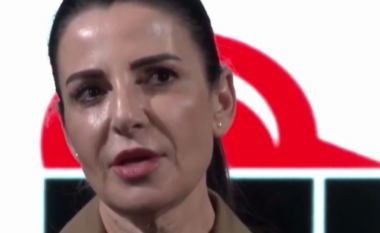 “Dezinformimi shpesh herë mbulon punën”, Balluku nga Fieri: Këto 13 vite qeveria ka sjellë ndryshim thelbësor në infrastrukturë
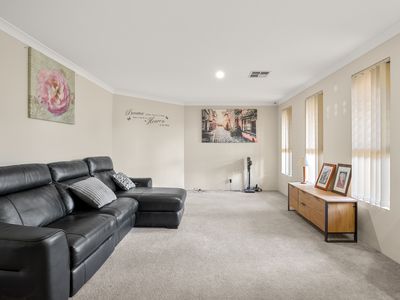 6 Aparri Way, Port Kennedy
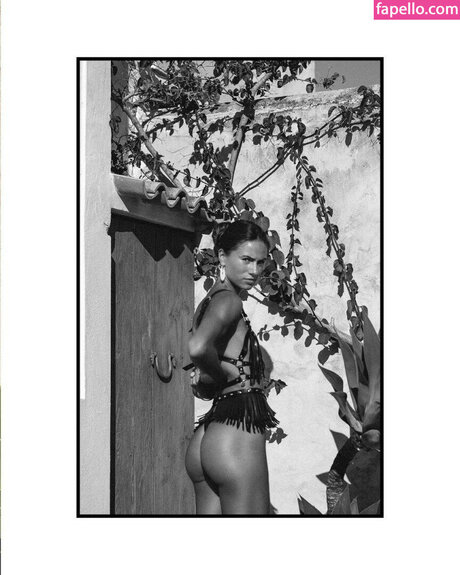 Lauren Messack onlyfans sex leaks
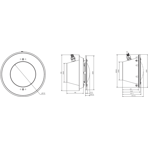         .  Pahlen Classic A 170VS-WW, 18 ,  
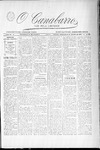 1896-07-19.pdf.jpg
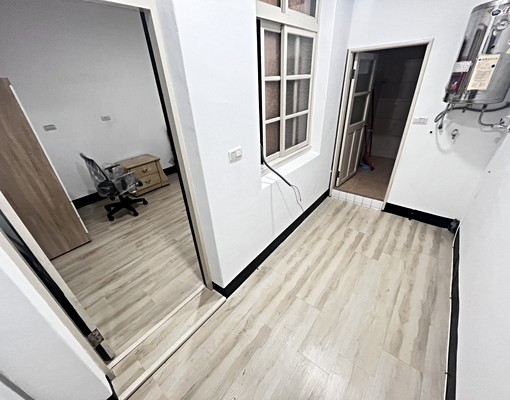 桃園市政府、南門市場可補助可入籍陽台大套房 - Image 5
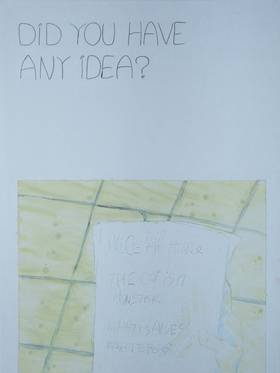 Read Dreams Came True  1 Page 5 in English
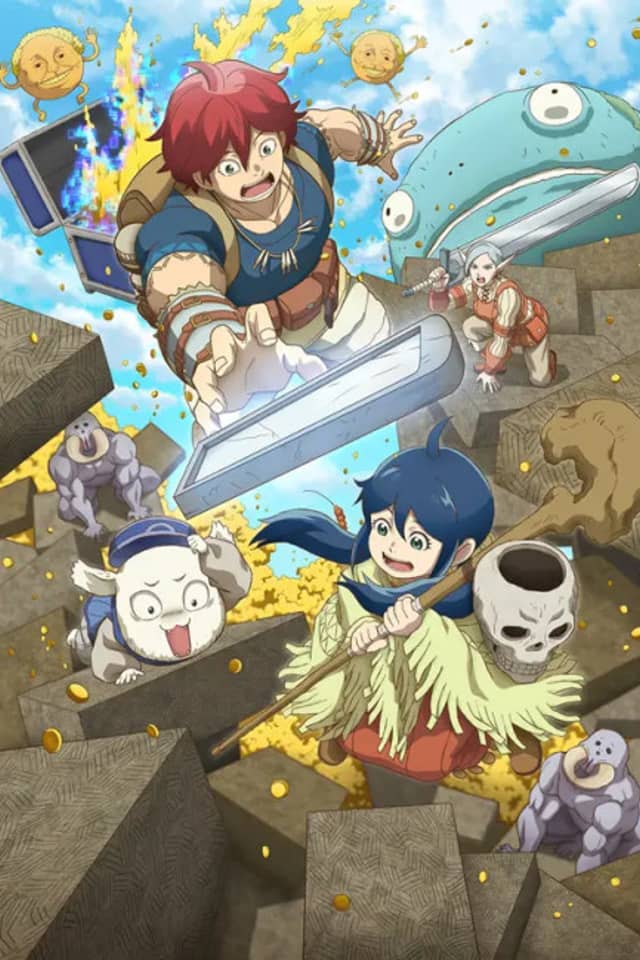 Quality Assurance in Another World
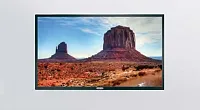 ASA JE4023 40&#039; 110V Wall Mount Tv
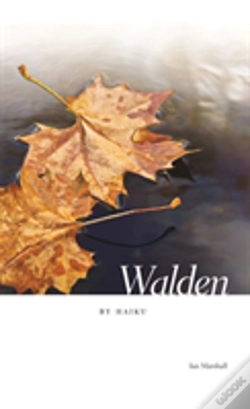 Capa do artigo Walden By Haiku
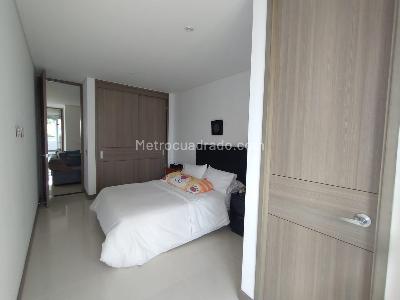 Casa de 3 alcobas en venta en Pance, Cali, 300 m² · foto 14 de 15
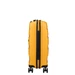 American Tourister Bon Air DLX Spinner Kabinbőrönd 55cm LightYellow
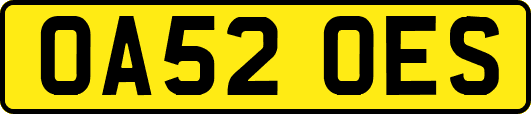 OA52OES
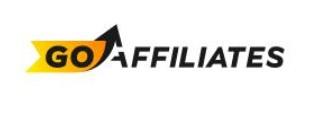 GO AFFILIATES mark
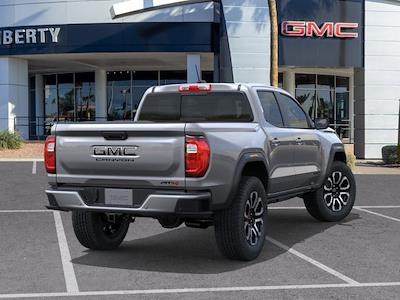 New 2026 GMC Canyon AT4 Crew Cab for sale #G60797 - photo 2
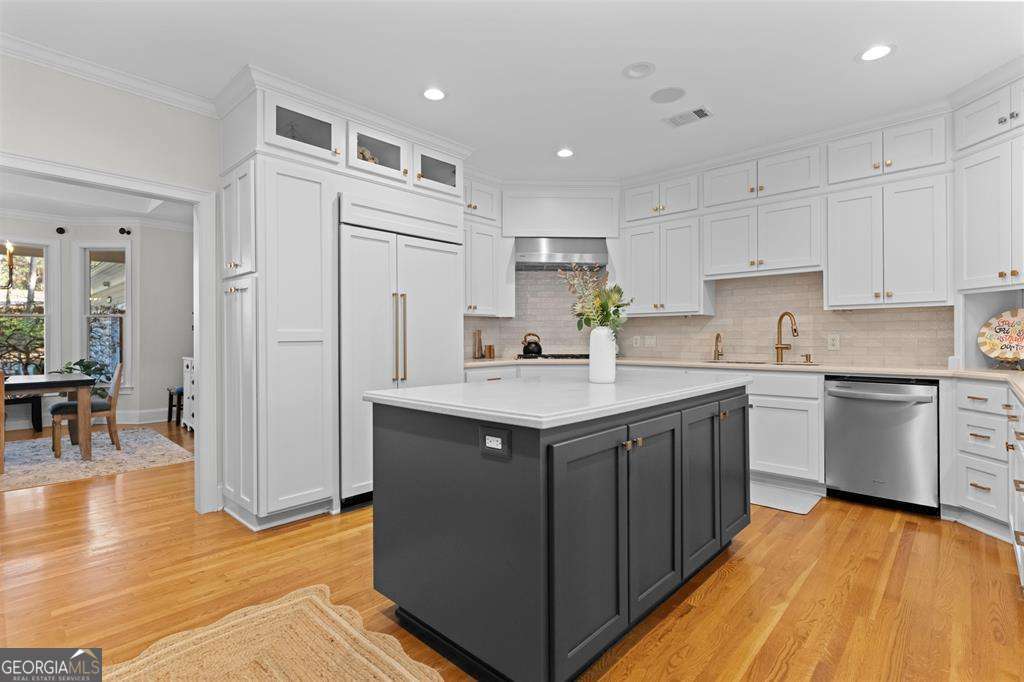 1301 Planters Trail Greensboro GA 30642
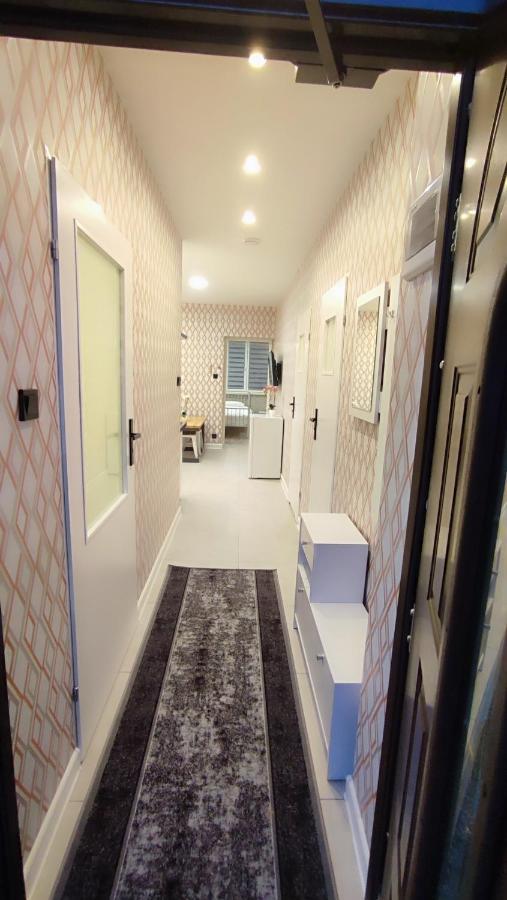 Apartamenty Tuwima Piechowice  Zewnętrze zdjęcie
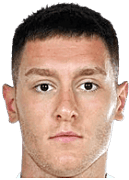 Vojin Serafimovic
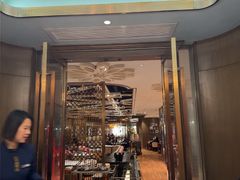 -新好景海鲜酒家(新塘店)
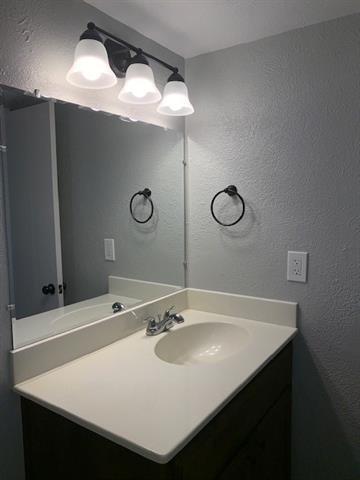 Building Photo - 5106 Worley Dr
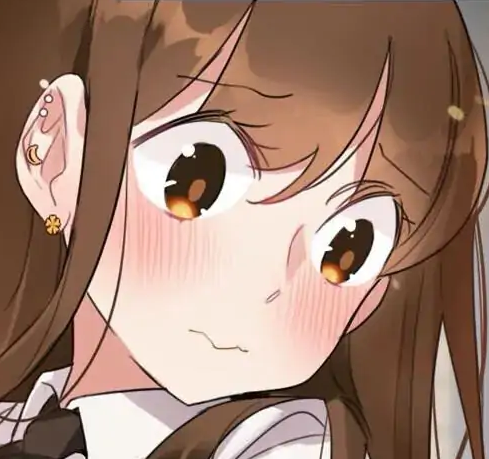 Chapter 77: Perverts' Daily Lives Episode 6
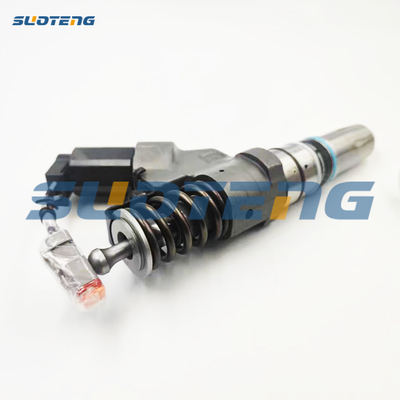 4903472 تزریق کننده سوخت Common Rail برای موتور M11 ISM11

------------------------------------------------------------

* WORK INSTRUCTIONS *
Output exactly the lines of the listing above that start with the one holding "Pahlen Classic A" and go on through the one holding "Capa do artigo Walden By Haiku"; leave the pictures out.

* FINISHED TASK *
         .  Pahlen Classic A 170VS-WW, 18 ,  
 1896-07-19.pdf.jpg
 桃園市政府、南門市場可補助可入籍陽台大套房 - Image 5
 Read Dreams Came True  1 Page 5 in English
 Quality Assurance in Another World
 ASA JE4023 40&#039; 110V Wall Mount Tv
 Capa do artigo Walden By Haiku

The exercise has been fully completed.